§ **Task item**:
Copy the lines below word for word, skipping any image.
BEGIN Provided data
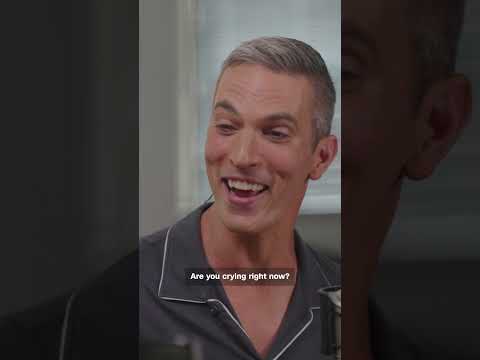 This Music Video Hits Hard | Engagement Party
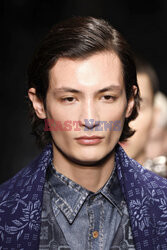 Pierre Louis Mascia details details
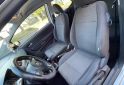 Autos - Volkswagen Fox 1.6 Confortline L/10 2013 Nafta 185000Km - En Venta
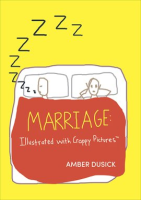 Marriage__Illustrated_with_Crappy_Pictures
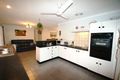 Property photo of 3 Cheltenham Street Strathpine QLD 4500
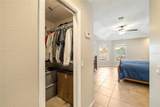 2817 La Mancha Court - Photo 28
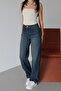 8117 Parla Women's Jean Pants - 2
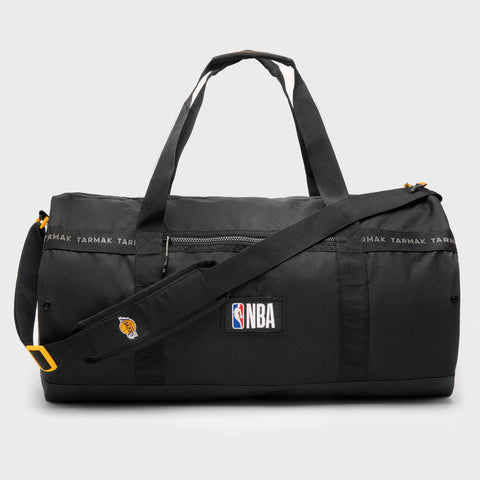 





Basketball Sports Bag NBA Lakers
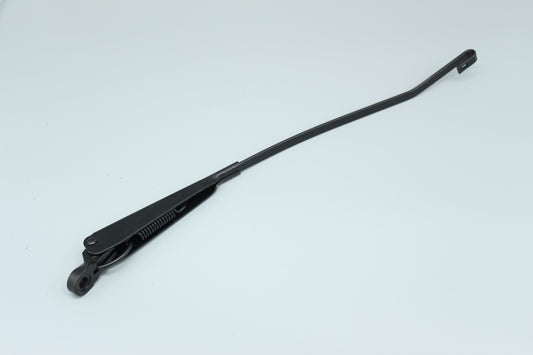 Rear wiper arm 40 cm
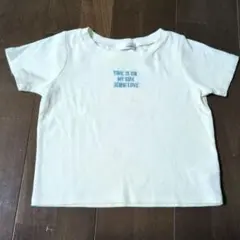 JENNI LOVE Tシャツ 130cm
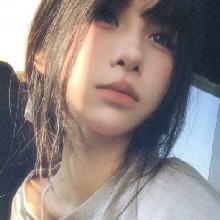 Guest_ranse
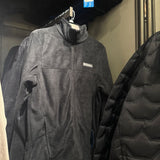 Campera Columbia 0368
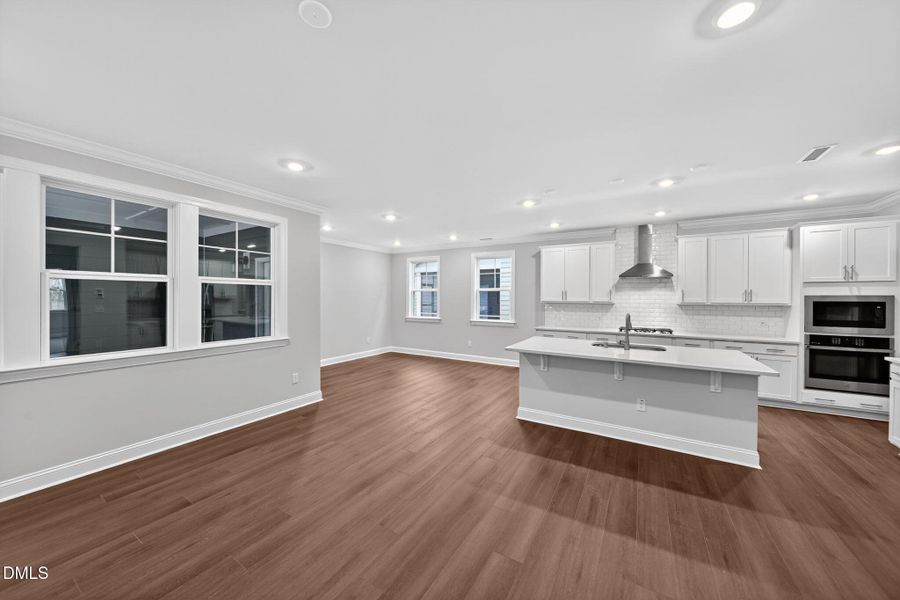 SUN_CaydenCove_Pic_Waterbury-15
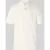 FYNCH-HATTON regular fit poloshirt met gestikt logo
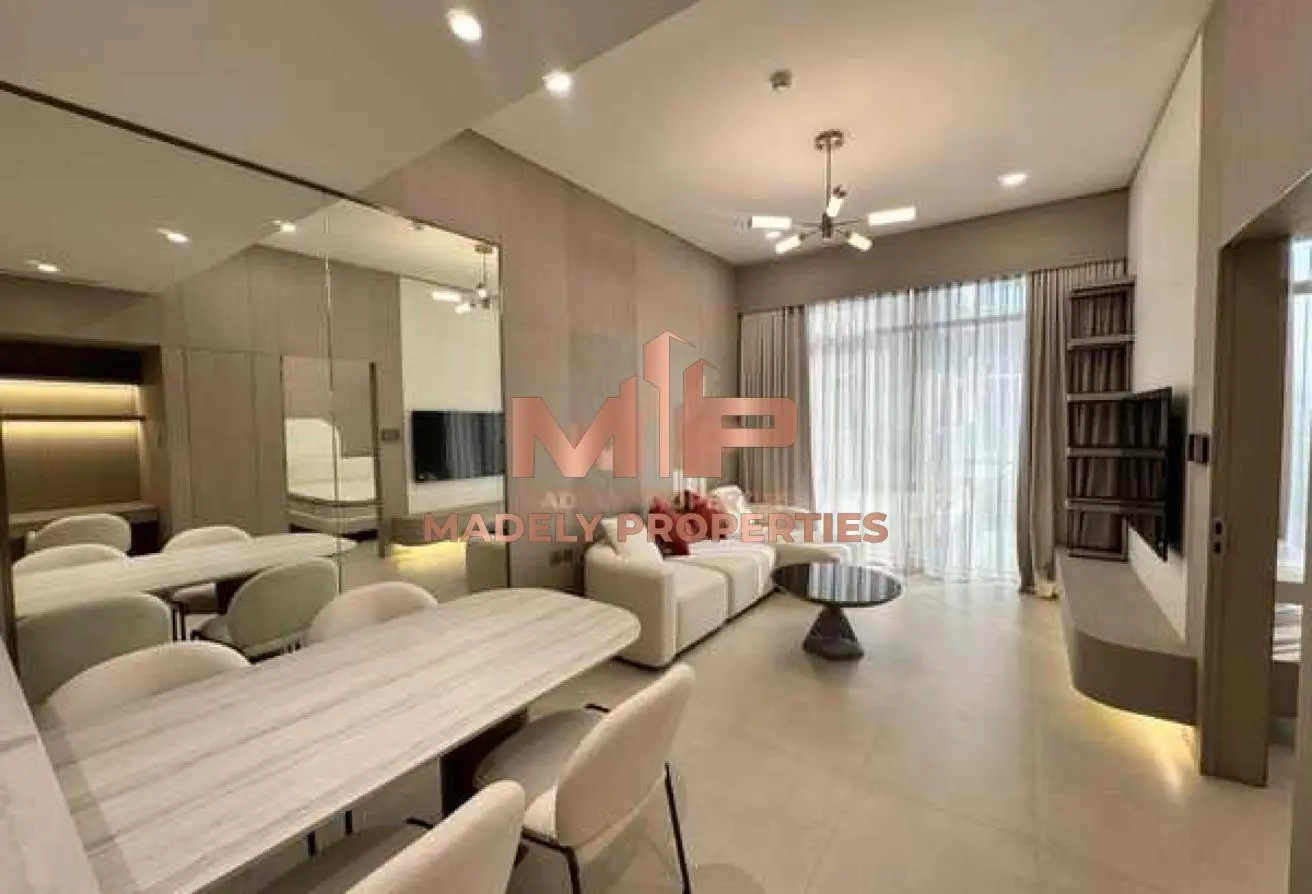 153294856 - Property Main Image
END Provided data
§ **Solution**:
 This Music Video Hits Hard | Engagement Party
 Pierre Louis Mascia details details
 Autos - Volkswagen Fox 1.6 Confortline L/10 2013 Nafta 185000Km - En Venta
 Marriage__Illustrated_with_Crappy_Pictures
 Property photo of 3 Cheltenham Street Strathpine QLD 4500
 2817 La Mancha Court - Photo 28
 8117 Parla Women's Jean Pants - 2





Basketball Sports Bag NBA Lakers
 Rear wiper arm 40 cm
 JENNI LOVE Tシャツ 130cm
 Guest_ranse
 Campera Columbia 0368
 SUN_CaydenCove_Pic_Waterbury-15
 FYNCH-HATTON regular fit poloshirt met gestikt logo
 153294856 - Property Main Image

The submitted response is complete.